Es ocioso discutir cuántos votos bancan a Kirchner. No son los que se computaron en primera vuelta ni serían los que lo hubieran hecho arrasar a Menem en la segunda. Su gestión, condena que acompañará a cualquier otro presidente argentino, estará sujeta a un plebiscito cotidiano, quizá demasiado apremiante pero inevitable. Una ventaja tiene Kirchner respecto de Fernando de la Rúa, anterior presidente electo: parece entender para dónde debe rumbear. El gobierno aliancista se obstinó en negar que en su mandato debía salirse de la convertibilidad. Y a fuerza de negarlo, salió del peor modo.

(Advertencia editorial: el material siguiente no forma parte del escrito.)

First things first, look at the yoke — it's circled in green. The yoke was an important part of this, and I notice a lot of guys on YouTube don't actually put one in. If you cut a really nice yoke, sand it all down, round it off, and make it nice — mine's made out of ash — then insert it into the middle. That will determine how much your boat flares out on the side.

Las políticas de tipo de cambio estático arrancan de mil amores, todo cierra y todos los indicadores van para arriba. Andando el tiempo
se tornan una pesadilla de la que, para colmo, hasta es difícil salirse. Con las devaluaciones acompañadas de tipo de cambio flotante ocurre al revés. Los primeros tiempos son de zozobra y caos y luego las cargas pueden acomodarse. A De la Rúa le tocó el fin de una etapa y ni siquiera se dio cuenta. Kirchner puede inaugurar una de relativa mejora.

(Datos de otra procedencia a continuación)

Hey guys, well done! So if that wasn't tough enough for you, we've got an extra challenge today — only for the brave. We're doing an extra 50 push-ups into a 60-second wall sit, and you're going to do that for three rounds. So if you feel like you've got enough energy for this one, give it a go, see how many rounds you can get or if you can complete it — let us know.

Claro que arranca de muy abajo, con los peores indicadores socio económicos de la historia. Un gobierno de origen popular debería, como mínimo, acelerar la integración en el Mercosur, hacer crecer el PBI, mejorar la perversa distribución del ingreso, bajar el desempleo. También restaurar las instituciones y cumplir con el imperativo ético de garantizar salud, vivienda, educación y una subsistencia digna a todos los pobladores de este suelo. Son standards mínimos de ciudadanía pero son, hoy por hoy, remotos para alcanzar.
Los primeros gestos y palabras del presidente electo buscaron reforzar su autoridad, ratificar su identidad y probar que no acepta que le marquen los tiempos. Su retórica recuperó tópicos setentistas y críticas a los políticos cooptados por los poderes fácticos. Y la ratificación de su convicción de que la Argentina debe encarar un cambio de “modelo”. La credibilidad que obran esas enunciaciones variará sideralmente según quien sea el receptor. El puñado de personas cercanas que escucharon a Kirchner en un hotel porteño se conmovieron con sus dichos. Es fácil imaginar más prevenciones en otros auditorios menos propios, lastimados por tanta palabra violada, en especial por representantes de partidos populares. Los peronistas se llevan las palmas en esto de invocar tradiciones nobles y cometer felonías. La privatización de YPF se celebró entonando la marchita, tanto como la reelección de Menem. Nada de esto invalida la buena fe del flamante presidente pero sí pone paños fríos en quienes quisieran creerle.
La política incluye palabras y definiciones pero los gobernantes crecen o se diluyen con sus hechos. En los próximos siete días Kirchner deberá anunciar su Gabinete y su plan de gobierno. En esos nombramientos, en el modo en que distribuya el poder, en los primeros gestos cabales que haga de la Casa Rosada empezará a medirse la distancia o proximidad entre sus discursos y sus acciones. En su provincia natal, rodeado sólo por sus íntimos, Kirchner maquina sus primeras decisiones. Son enormemente arduas y difíciles y nada de malo tiene que las rumie en terreno propio, lejos del mundanal ruido. Tampoco afrentará a nadie si su equipo de gobierno incorpora a personas de su plena confianza. Pero lo cierto es que, a la hora de la hora, lo que sellará su suerte como gobernante será su capacidad de trascender a su grupo de pertenencia, a sus aliados de siempre, a su partido. De abrirse y no de cerrarse, de sumar y no de ser sectario.
Su legitimidad no pende de un hilo merced a la taimada defección del riojano. Su legitimidad, la experiencia lo prueba, dependerá de si es capaz de la esquiva hazaña de gobernar para la mayoría de los argentinos, honrando el mandato que le hubiera dado más del 70 por ciento del padrón nacional. Esos que lo hubieran votado hoy si la cobardía moral y política de una sombra del pasado no lo hubiera impedido.